\n
## Chart: Scaling up Test-Time Compute with Recurrent Depth
### Overview
This chart illustrates the relationship between Test-Time Compute Recurrence and Accuracy (%) for three different datasets: ARC challenge, GSM8K CoT, and OpenBookQA, across varying Materialized Parameters. The chart demonstrates how increasing the depth of computation during test time impacts the accuracy of each dataset, with performance scaling alongside the number of materialized parameters.
### Components/Axes
* **Title:** Scaling up Test-Time Compute with Recurrent Depth
* **X-axis:** Test-Time Compute Recurrence (Scale: 1, 4, 6, 8, 12, 20, 32, 48, 64)
* **Y-axis:** Accuracy (%) (Scale: 0 to 50)
* **Materialized Parameters (Top Axis):** 3.6B, 8.3B, 11.5B, 14.6B, 21.0B, 33.6B, 52.6B, 77.9B, 103B
* **Legend:**
* ARC challenge (Blue)
* GSM8K CoT (Orange)
* OpenBookQA (Green)
### Detailed Analysis
The chart displays three lines representing the accuracy of each dataset as Test-Time Compute Recurrence increases.
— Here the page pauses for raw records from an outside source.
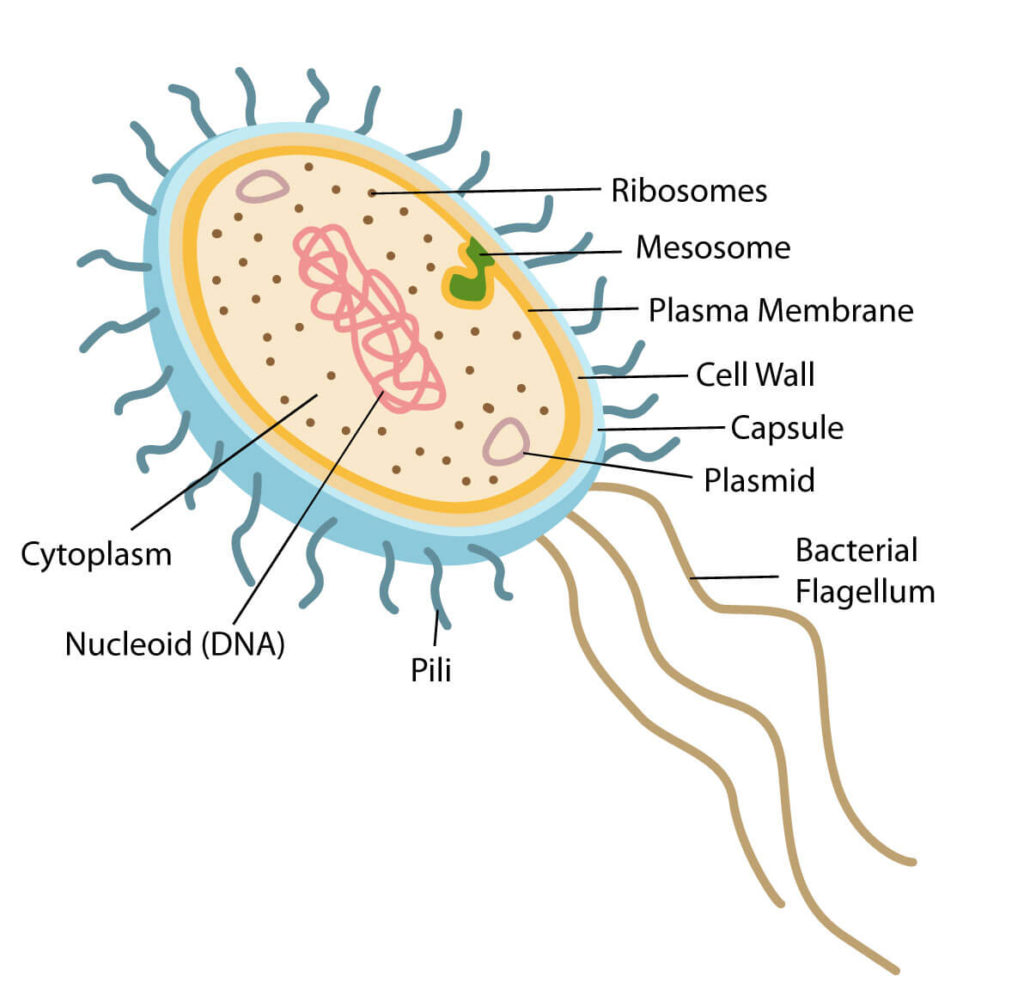 structure of bacteria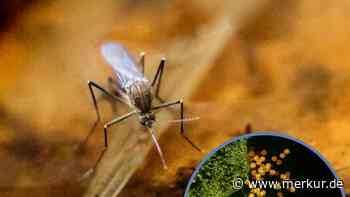 West-Nil-Virus in Italien auf dem Vormarsch: 15 Tote, 300 infiziert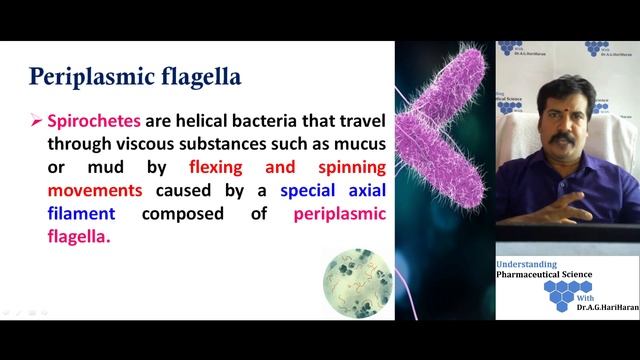 Bacterial Structure External to Cell Wall смотреть онлайн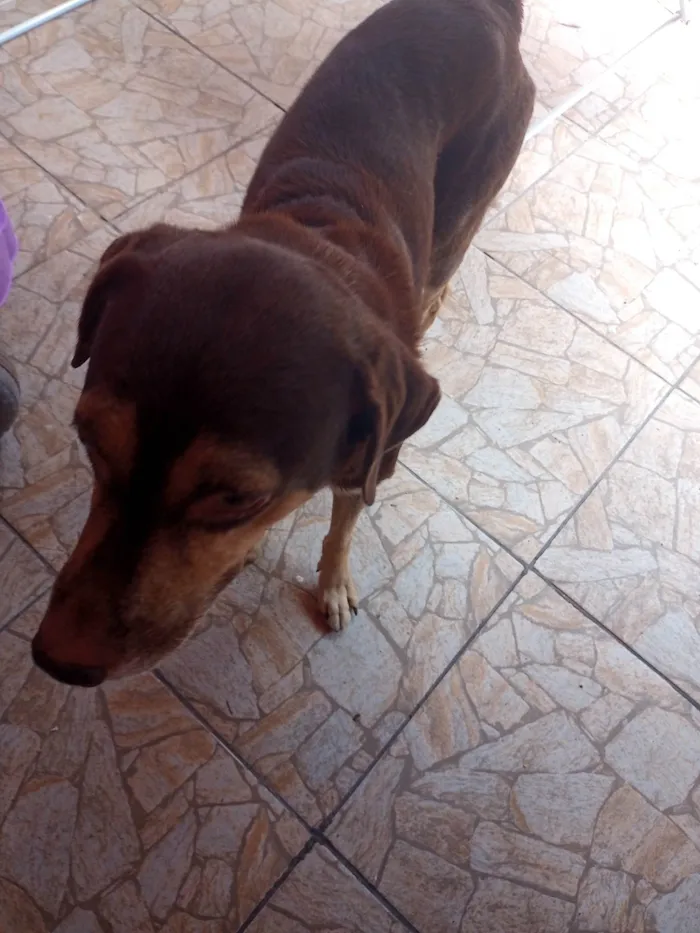 Cachorro ra a SRD-ViraLata idade 5 anos nome Apollo 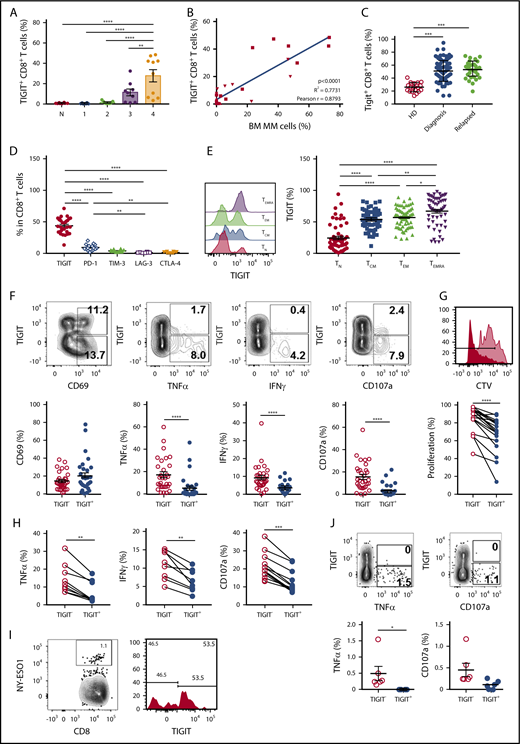 Figure 1. TIGIT expression on CD8+ T cells increases during MM development and is associated with decreased effector cell functions. (A) TIGIT expression on BM CD8+ T cells was analyzed by flow cytometry in naïve C57BL/6 WT mice (N) and 1, 2, 3, and 4 weeks after IV challenge with 2 × 106 Vk12653 MM cells. Data are presented as mean ± standard error of the mean (SEM) of 2 pooled experiments with n = 6 to 14 mice per group. (B) Percentages of BM TIGIT+CD8+ T cells from Vk12653-MM–challenged mice shown in panel A were plotted against percentages of BM MM cells in these mice. (C) Graphs showing the mean ± standard deviation percentage of TIGIT+ CD8+ T cells in BM CD8+ T cells from healthy donors (HDs) (n = 20) and MM patients at diagnosis (n = 86) or after relapse (n = 32). (D) The expression of immune checkpoints was analyzed on MM patient BM CD8+ T cells by flow cytometry. Graphs show mean ± SEM from n = 16 to 26 patients with MM. (E) Representative histogram showing the expression of TIGIT on MM patient BM CD8+ T-cell subsets TN (CD62L+CD45RA+), TCM (CD62L+CD45RA−), TEM (CD62L−CD45RA−), and TEMRA (CD62L−CD45RA+) and graph recapitulating the percentage of TIGIT+ cells shown as mean ± SEM from n = 59 MM patients. (F) MM patient CD138− BM cells were stimulated with anti-CD3/CD28/CD2 microbeads for 6 hours. Activation (CD69), intracellular TNF-α, and IFN-γ content and degranulation (CD107a) of TIGIT− and TIGIT+ CD8+ T cells was determined by flow cytometry. Representative dot plots are shown as well as graphs displaying mean ± SEM from n = 31 patients with MM. (G) MM patient CD138− BM cells were stained with CTV and stimulated with anti-CD3/CD28/CD2 microbeads for 5 days. Representative histogram showing the proliferation of TIGIT− (dark red) and TIGIT+ (light red) CD8+ T cells and graph recapitulating the percentage of divided TIGIT− and TIGIT+ CD8+ T cells from the same culture (n = 20 MM patients). (H) TIGIT− and TIGIT+ CD8+ T cells were sorted by flow cytometry and stimulated with anti-CD3/CD28/CD2 microbeads for 6 hours. TNF-α and IFN-γ production as well as degranulation were determined by flow cytometry. Data shown are from n = 8 to 12 MM patients. (I) Representative dot plot of CD8+ BM T cells from HLA-A*02+ patients with MM stained with HLA-A*02-NYESO1-PE multimers (left) and histogram showing the TIGIT expression in NY-ESO1–specific CD8+ T cells (right). (J) MM patient CD138− BM cells were stimulated with HLA-A*02-NY-ESO-1–specific peptide (1 μg/mL) for 6 hours. Representative dot plots as well as pooled data from n = 6 HLA-A2+ MM patients with positive NY-ESO response are shown. Statistical differences between multiple groups were determined by (A,D-E) 1-way analysis of variance (ANOVA) with Tukey posttest analysis, (B) correlations were assessed using a Pearson rank correlation test, and (C) analyses between 2 groups were performed using a Mann-Whitney U test or (F-H,J) Wilcoxon matched-pairs signed rank test. *P < .05, **P < .01, ***P < .001, ****P < .0001. TCM, central memory; TEM, effector memory; TEMRA, terminal effector memory; TN, naïve.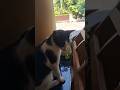 American varunnund😅#cat #cats #funny #comedy #youtubeshorts #shorts #viral #trending #reels #love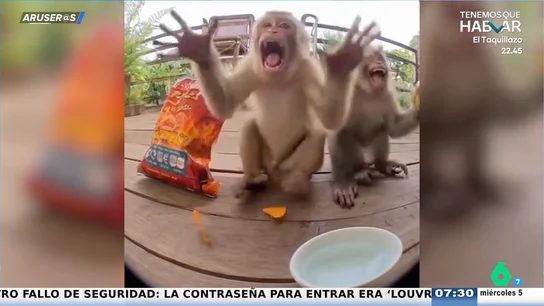 El divertido vídeo viral del mono que prueba la salsa picante por primera vez: "Qué bueno, me representa" El divertido vídeo viral del mono que prueba la salsa picante por primera vez: "Qué bueno, me representa"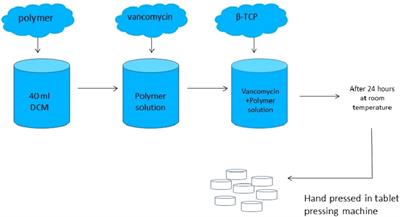 Vancomycin Containing PDLLA and PLGA/β-TCP Inhibit Biofilm Formation but Do Not Stimulate Osteogenic Transformation of Human Mesenchymal Stem Cells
The Materialized Parameters are displayed along the top of the chart, indicating the model size used for each data point.
**ARC challenge (Blue):**
* The line starts at approximately 22% accuracy at a recurrence of 1.
* It gradually increases to around 28% at a recurrence of 4.
* A steeper increase is observed between recurrences 4 and 8, reaching approximately 38%.
* The line plateaus around 42-45% accuracy from a recurrence of 12 onwards.
* Approximate data points: (1, 22%), (4, 28%), (6, 34%), (8, 38%), (12, 41%), (20, 43%), (32, 44%), (48, 44%), (64, 45%)
**GSM8K CoT (Orange):**
* The line begins at approximately 1% accuracy at a recurrence of 1.
* It remains very low until a recurrence of 6, where it starts to increase rapidly.
* Between recurrences 6 and 12, the accuracy jumps from roughly 2% to around 42%.
* The line then plateaus, fluctuating between 42% and 46% accuracy from a recurrence of 12 onwards.
* Approximate data points: (1, 1%), (4, 1%), (6, 2%), (8, 15%), (12, 42%), (20, 45%), (32, 45%), (48, 45%), (64, 46%)
**OpenBookQA (Green):**
* The line starts at approximately 24% accuracy at a recurrence of 1.
* It shows a moderate increase to around 30% at a recurrence of 4.
* The line continues to increase, reaching approximately 36% at a recurrence of 8.
* It plateaus around 40-42% accuracy from a recurrence of 12 onwards.
* Approximate data points: (1, 24%), (4, 30%), (6, 33%), (8, 36%), (12, 39%), (20, 41%), (32, 41%), (48, 41%), (64, 42%)
### Key Observations
* GSM8K CoT shows the most dramatic improvement in accuracy with increasing recurrence, starting from a very low baseline.
* ARC challenge and OpenBookQA exhibit more gradual improvements and reach higher plateaus.
* All three datasets show diminishing returns in accuracy beyond a recurrence of 12.
* Higher Materialized Parameters generally correlate with higher accuracy, particularly for GSM8K CoT.
* The ARC challenge consistently performs better than GSM8K CoT at lower recurrence values, but GSM8K CoT catches up and surpasses it at higher recurrence values.
### Interpretation
The data suggests that increasing the depth of computation during test time (Test-Time Compute Recurrence) can significantly improve the accuracy of language models, especially for datasets like GSM8K CoT that benefit from more complex reasoning. The plateauing effect observed at higher recurrence values indicates that there is a limit to the benefits of increasing computation depth, and that other factors (such as model size or training data) may become more important. The varying performance of the three datasets suggests that the optimal level of test-time computation depth may depend on the specific characteristics of the task. The strong correlation between Materialized Parameters and accuracy highlights the importance of model size in achieving high performance. The fact that GSM8K CoT starts with very low accuracy and then rapidly improves suggests that it is a particularly challenging task that requires significant computational resources to solve effectively. The diminishing returns observed at higher recurrence values suggest that there is a trade-off between computational cost and accuracy gains.